Lorsque vous pensez tenir un modèle ou une portion de modèle plausible il faut tester cette hypothèse à l'aide d'un programme d'affinement de structure sur monocristal appliqué à vos "|Fobs|" : SHELX76 ou SHELXL93 dans le cadre du scénario. Le mieux est de tester la proposition sur un fichier partiel, ayant éliminé les réflexions qui se chevauchent de trop près. Un modèle qui conduit à ce stade à une reliabilité R inférieur à 40-35% commence à être intéressant, d'autant plus si des pics nets se détachent sur la liste des pics extraits de la synthèse de Fourier différence. Si c'est le cas, on ajoute ces pics dans le modèle après avoir vérifié si les distances interatomiques restent satisfaisantes (il ne faut quand même pas être borné, il arrive que du chlore rentre dans un fluorure quand on ne s'y attend pas...). Une fois qu'il est devenu impossible d'extraire plus d'informations du jeu des "|Fobs|" résultant de l'application de la méthode Le Bail, il est alors temps de passer à la méthode de Rietveld si le modèle parait cohérent. La structure n'est pas encore nécessairement complète à ce stade et il sera peut-être indispensable de récupérer de nouveaux "|Fobs|" en fin d'affinement de structure par la méthode de Rietveld et de les réinjecter dans SHELX76 ou SHELXL93 afin de réaliser une nouvelle synthèse de Fourier différence. Ainsi de suite jusqu'a satisfaction finale. Les résultats à publier sont ceux du dernier affinement par la méthode de Rietveld. Voyons les exemples du scénario :
Na2C2O4
Examinons les 3 propositions de SHELXS86 rassemblées
dans le fichier naoxa10.html.
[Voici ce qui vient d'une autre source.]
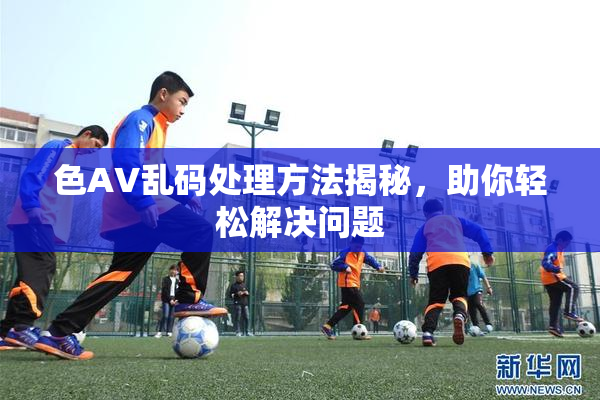 色AV乱码处理方法揭秘，助你轻松解决问题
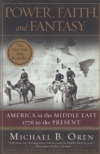Power, Faith, and Fantasy - America in the Middle East 1776 to the Present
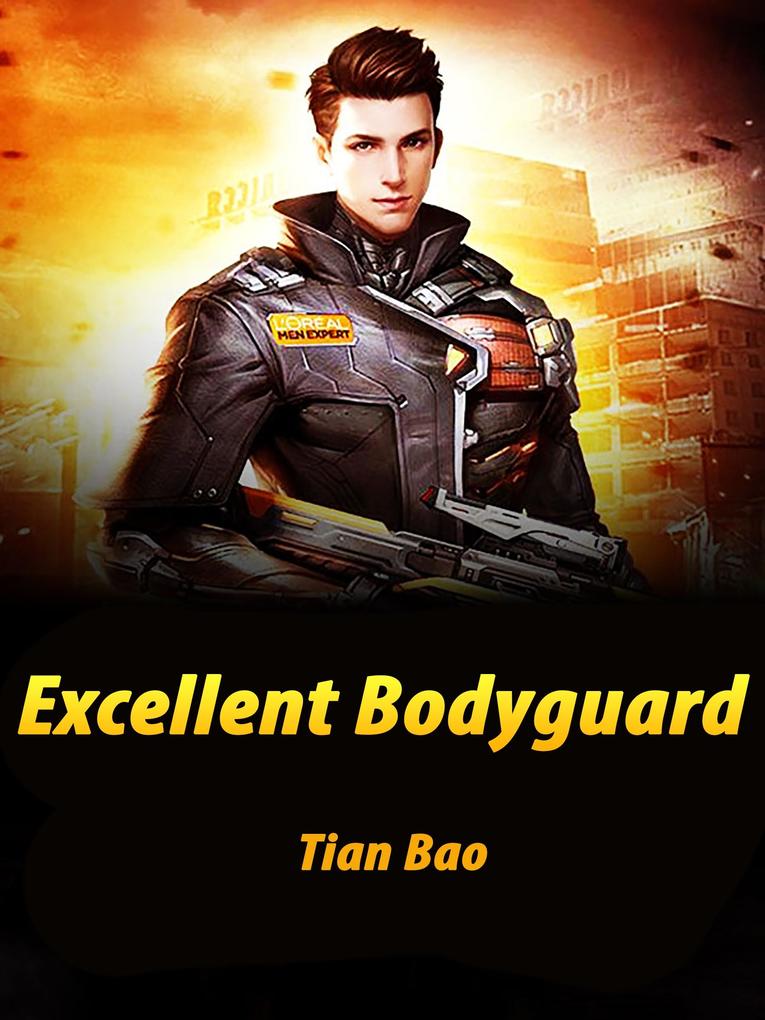 Excellent Bodyguard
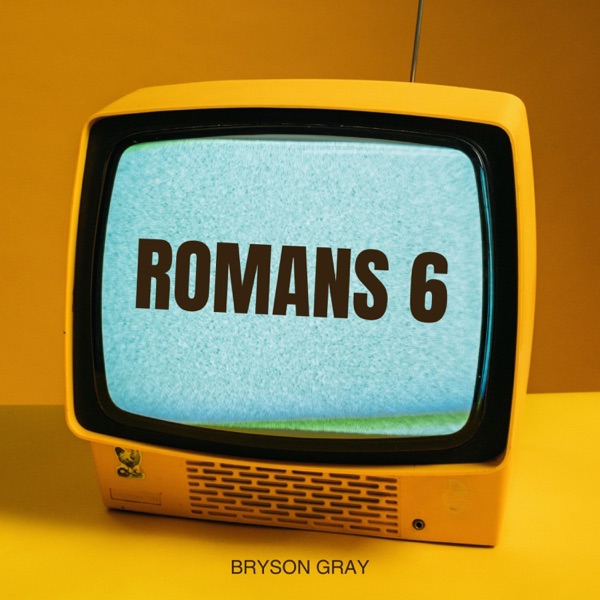 Romans 6 - Single album cover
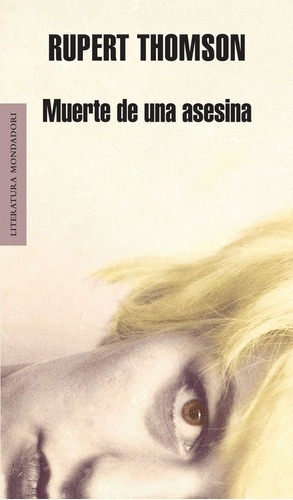 Muerte De Una Asesina - Thomson, Rupert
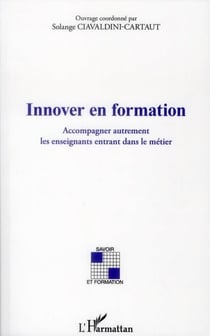 Innover en formation - accompagner autrement les enseignants entrant dans le métier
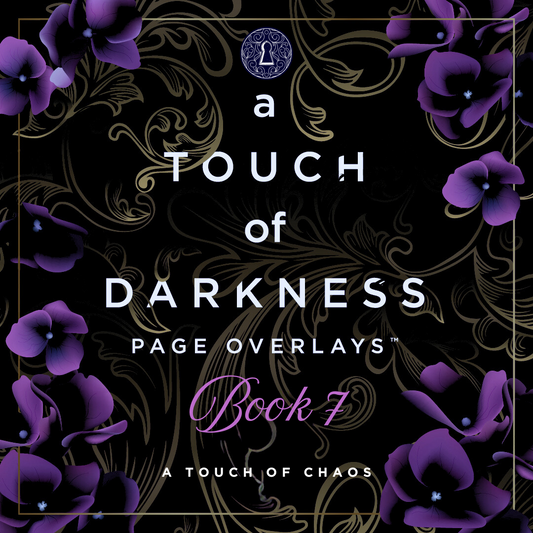 A Touch of Darkness Page Overlays - Book 7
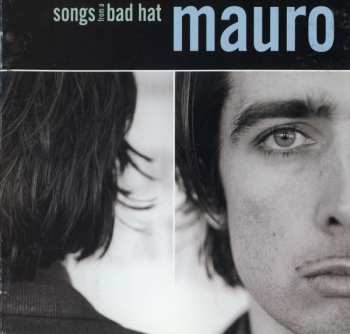 Album Mauro Pawlowski:  4 Songs From A Bad Hat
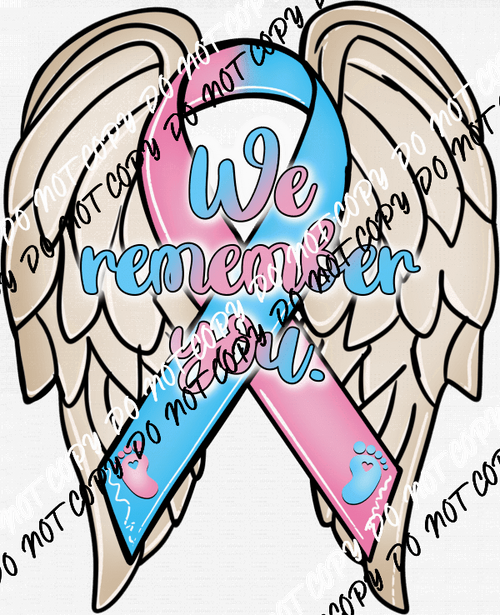 We Remember You Pregnancy/Infant Loss Ribbon DTF Transfer - We Print U Press DTF Transfers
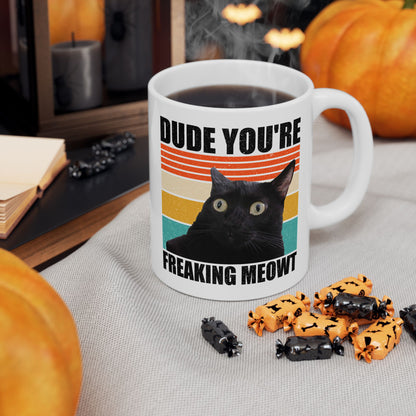 Dude You're Freaking Meowt Mug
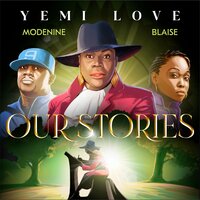 Our Stories - Yemi Love & Modenine & Blaise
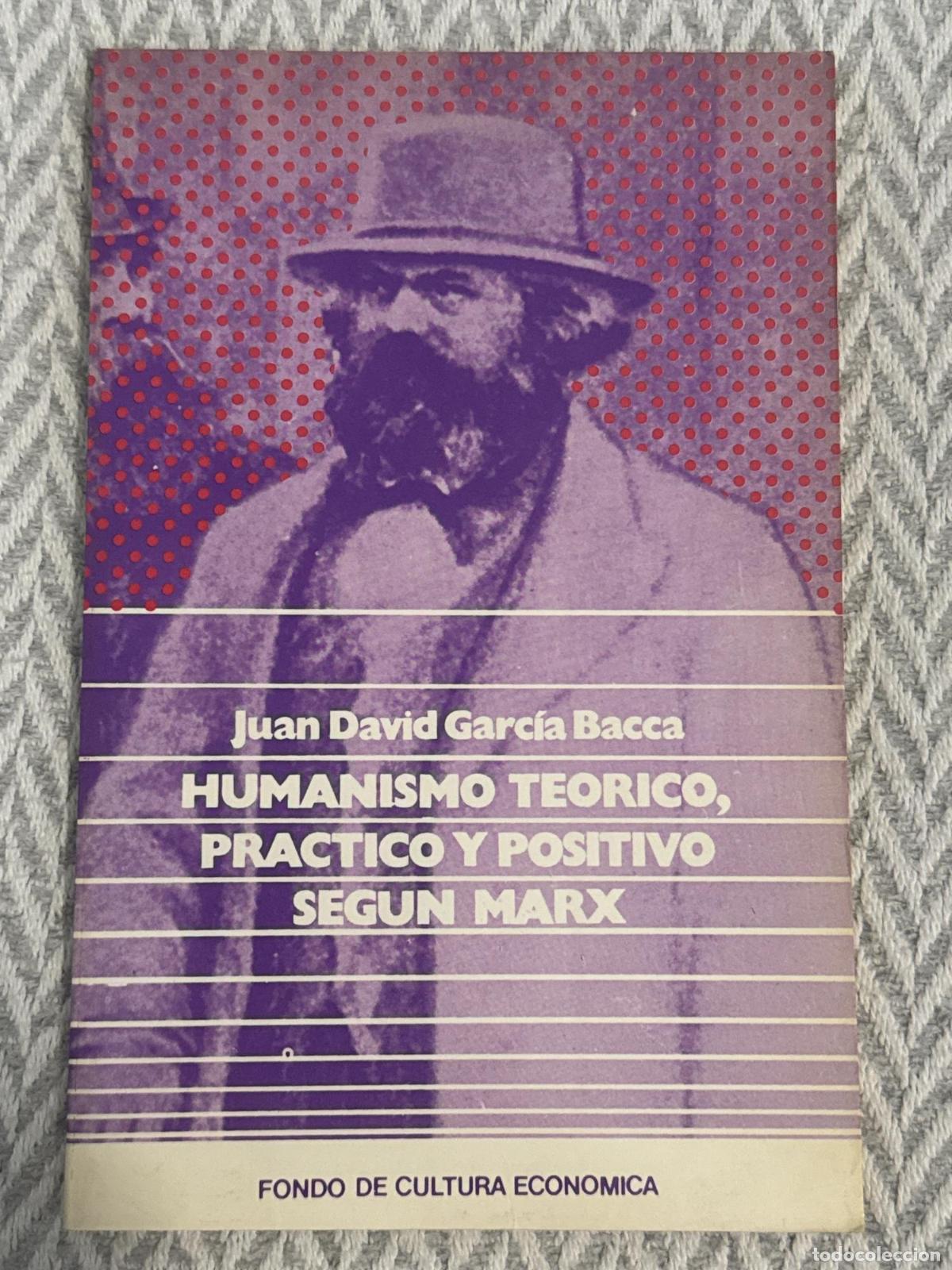 Libros: Humanismo te&oacute;rico, pr&aacute;ctico y positivo seg&uacute;n Marx - Juan David Garc&iacute;a Bacca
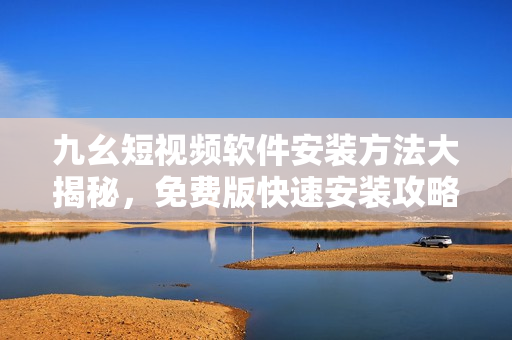 九幺短視頻軟件安裝方法大揭秘，免費版快速安裝攻略共享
Dans la première
proposition obtenue d'après le jeu complet de données, l'atome
noté 1 se distingue nettement par un pic plus intense (474), ce
pourrait être un sodium mais alors l'atome numéroté
4 situé à 1.25 Å serait un artefact. Les atomes 3 et
2 (hauteurs de pics 184 et 251) seraient respectivement un carbone et un
oxygène ou vice versa. Plutôt vice versa car on s'attend à
ce que le carbone soit plus loin du sodium (distance 2-1 = 3.06 Å)
que ne le serait l'oxygène (distance 3-1 = 2.26 Å). Ce qui
est gênant dans cette première proposition c'est l'absence
de séparation nette entre les intensités des pics qui correspondraient
à des atomes et celle des pics qui n'en seraient pas (pic 4). Dans
la deuxième proposition pour 286 hkl, le pic 1 serait un carbone,
le 2 du sodium, les 3 et 4 des oxygènes. La troisième proposition
pour 242 hkl paraît plus séduisante car l'on s'attend à
trouver le sodium en pic le plus intense, les pics 2 et 4 seraient alors
des oxygènes et le pic 3 un carbone, ensuite il y a une nette chute
d'intensité pour le pic 5. Notez que les propositions 1 et 3 se
rejoignent pour les trois premiers pics si on permute les pics 2 et 3.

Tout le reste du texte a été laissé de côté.